Overview of Microfracture

In a normal knee, the end of the thigh bone , top of the shin bone and kneecap are covered in a smooth and very slightly spongy lining called ' articular cartilage '. This allows the thigh, shin and kneecap to move freely with each other with minimal friction and most importantly no pain.

However, injuries to the knee can result in localised damage to this smooth lining, leaving areas where the underlying bone is exposed. These localised areas of damage cause pain and swelling in the knee, especially during any form of activity.

The simplest way to confirm that a patient's pain is caused by damage to the lining of the knee is to perform a MRI scan. This type of scan involves lying with the lower half of your body in a special magnetic tube for approximately 20 minutes. This will easily identify the size and location of the damage (see fig 1).
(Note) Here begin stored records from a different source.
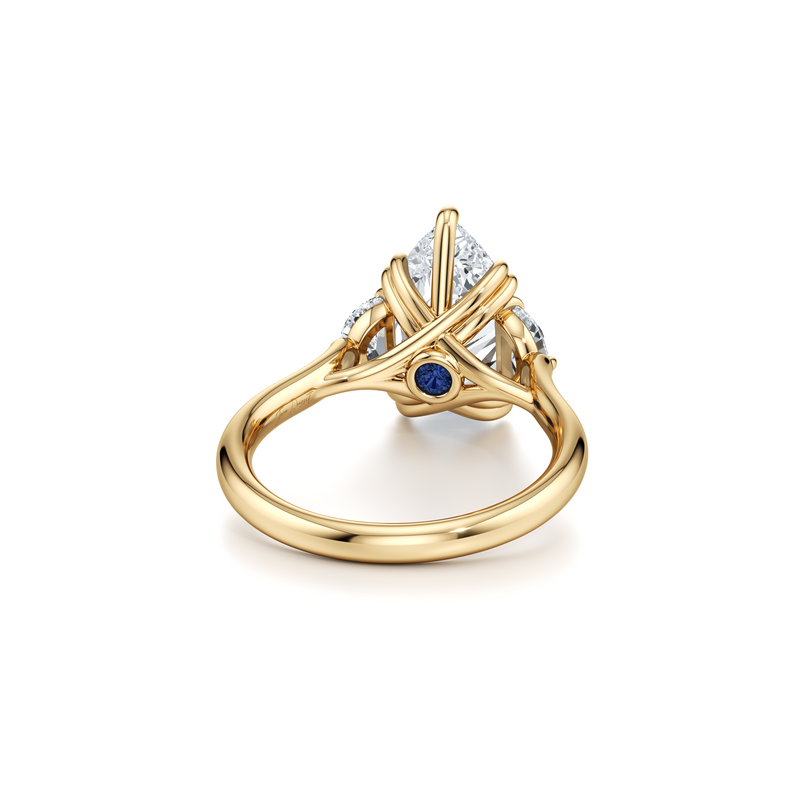 Elle Half Moon Three Stone Lab Diamond Engagement Ring image 108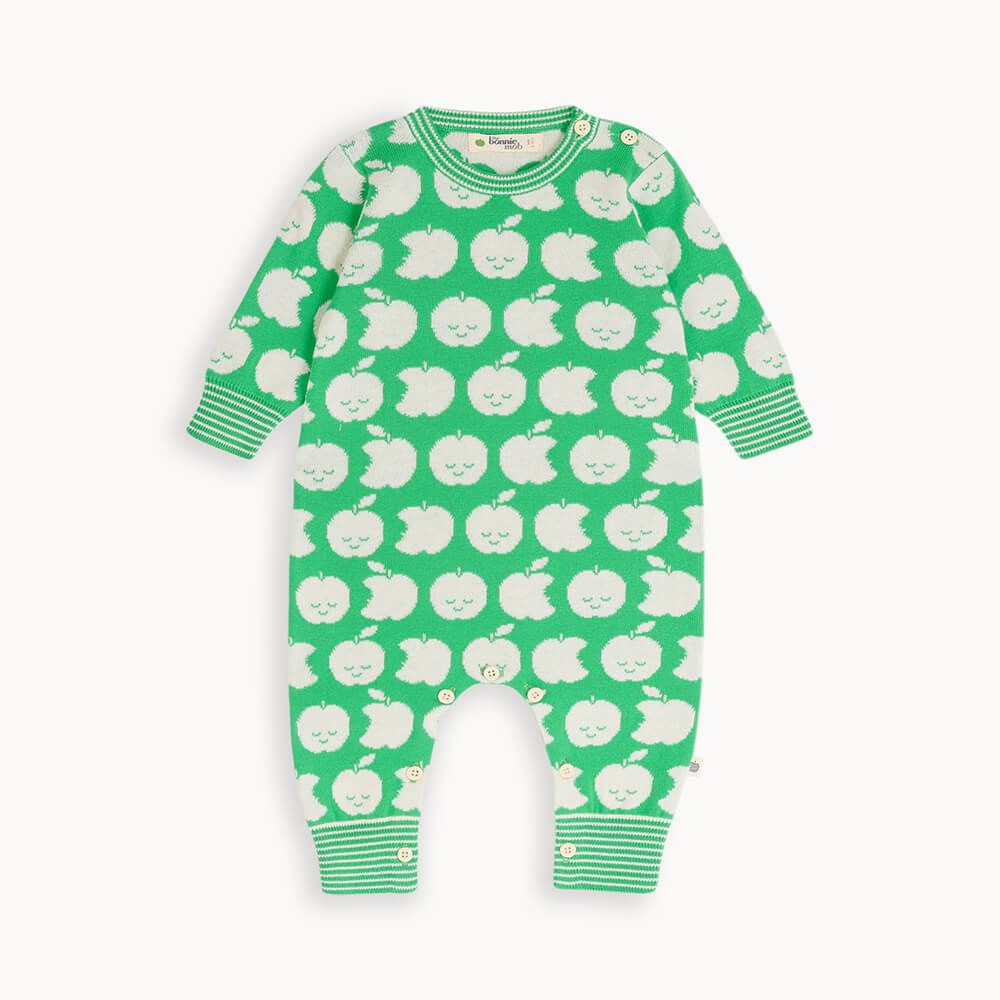 Skittle - Pea Apple Knit Playsuit - The bonniemob 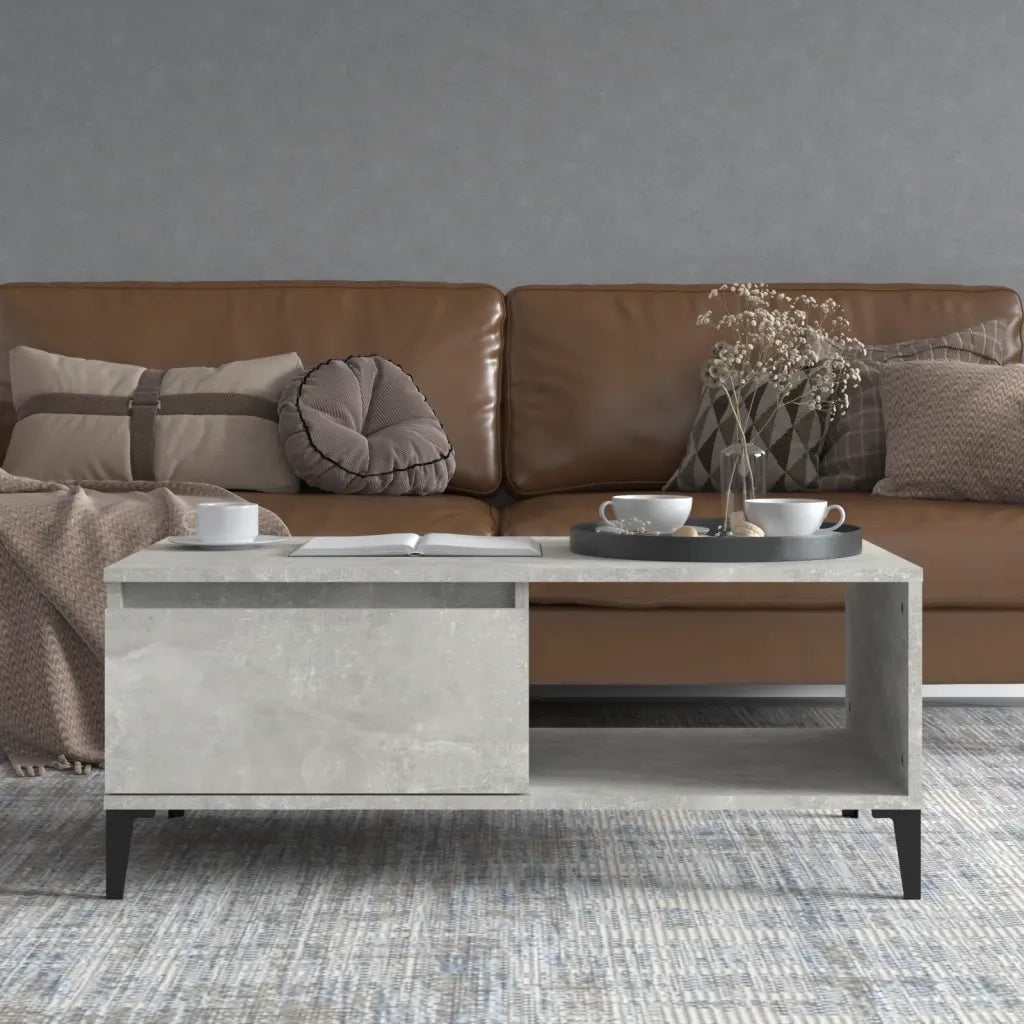 Tavolino salotto | Tavolino da caff¨¨ | Tavolino da Soggiorno Grigio Cemento 90x50x36,5 cm Legno Multistrato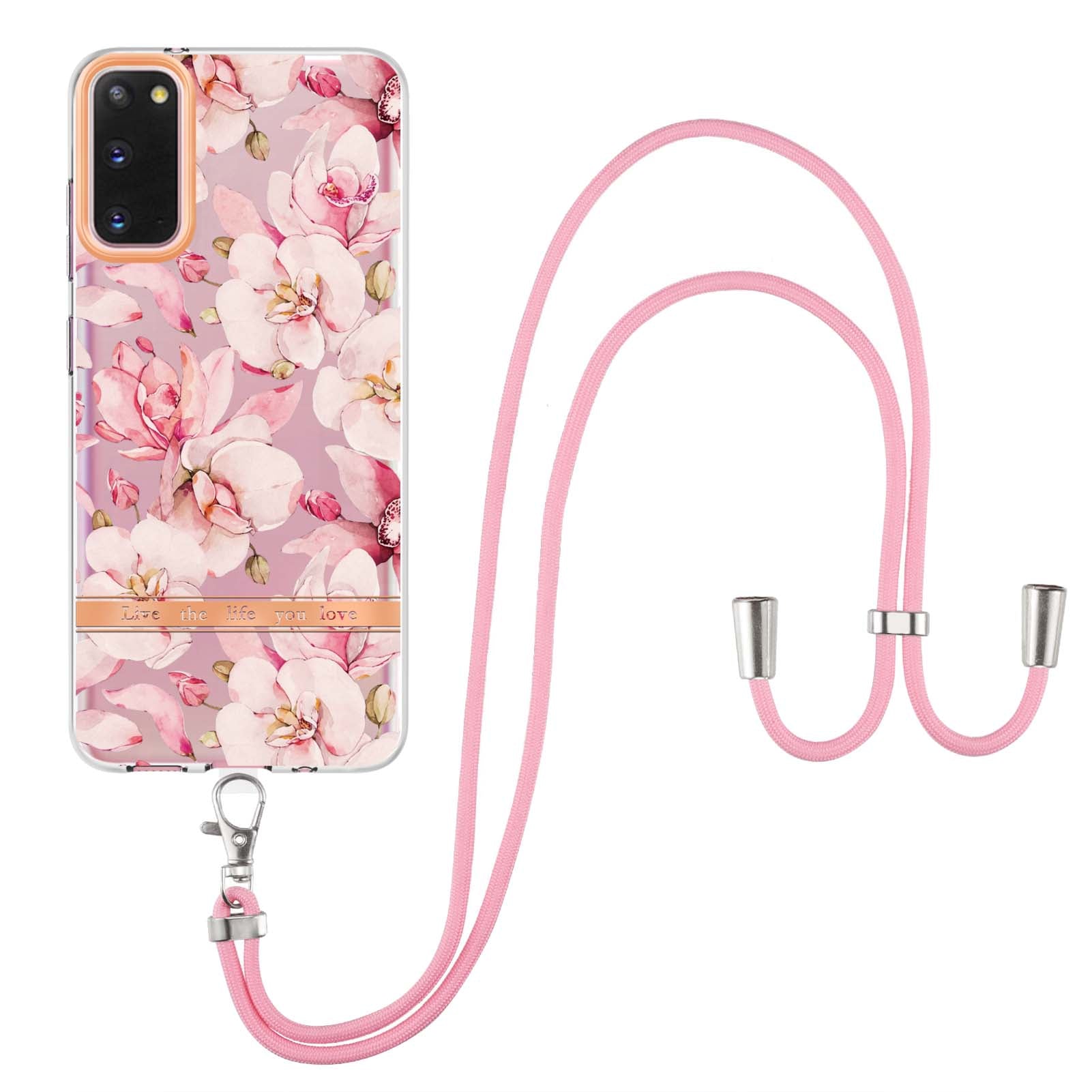 YB IMD-9 Series IMD IML Electroplating Phone Case for Samsung Galaxy S20 4G/S20 5G, Soft TPU Flower Pattern Phone Cover with Lanyard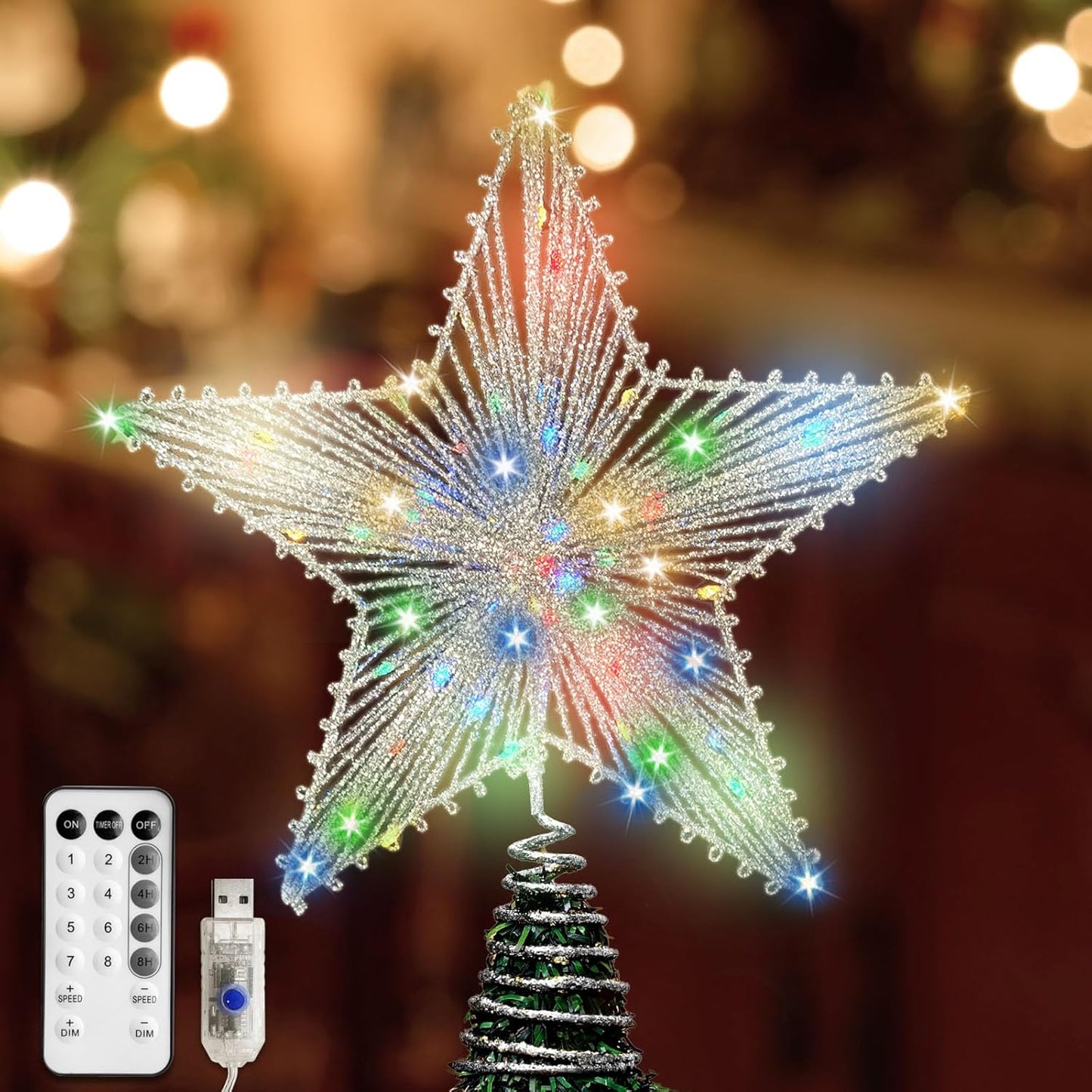 Silver Star Christmas Tree Topper with 50 Colouful LED Lights 8 Lighting Modes Timer, White Tree Topper for Christmas Tree Decorations and Xmas Holiday Seasonal Decor
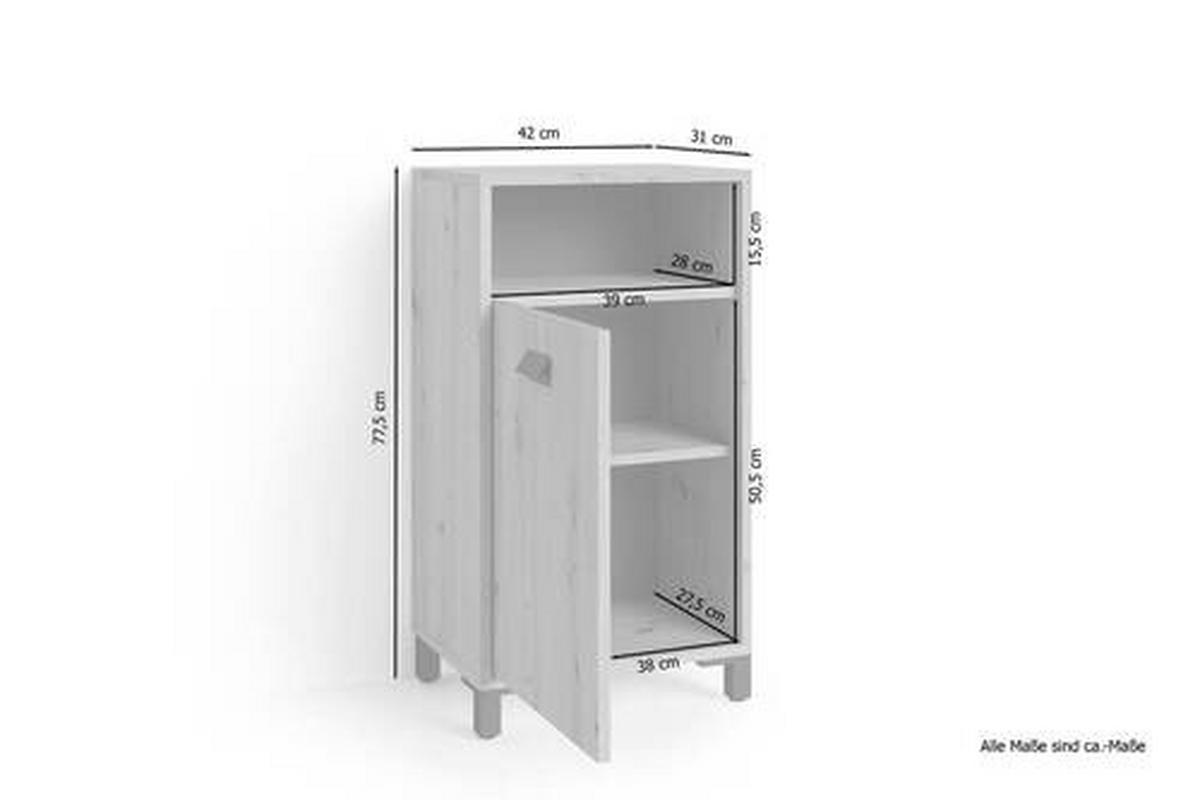 Unterschrank Wellness B: 42 cm Artisan Eiche Dekor - Anthrazit/Schwarz, MODERN, Holzwerkstoff (42/77,5/31cm) - MID.YOU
One method of replacing the damaged smooth lining is by a technique called 'Microfracture'. This involves looking inside the knee with a camera (arthroscopy). The damaged area can then be identified (see fig 2). Using special instruments this area is cleaned to show the underlying bone (see fig 3). Small sharp picks are then gently hammered into the bone to create a 'pepper pot' appearance (see fig 4). These holes allow the bone to bleed and form a small blood clot in the defect. The clot contains all the required ingredients to allow the smooth articular cartilage to re-grow.

After surgery, patients' are advised to mobilise with crutches for three weeks after which they can start walking normally.

It normally takes approximately three months for patients to fully recover from this procedure and become symptom free.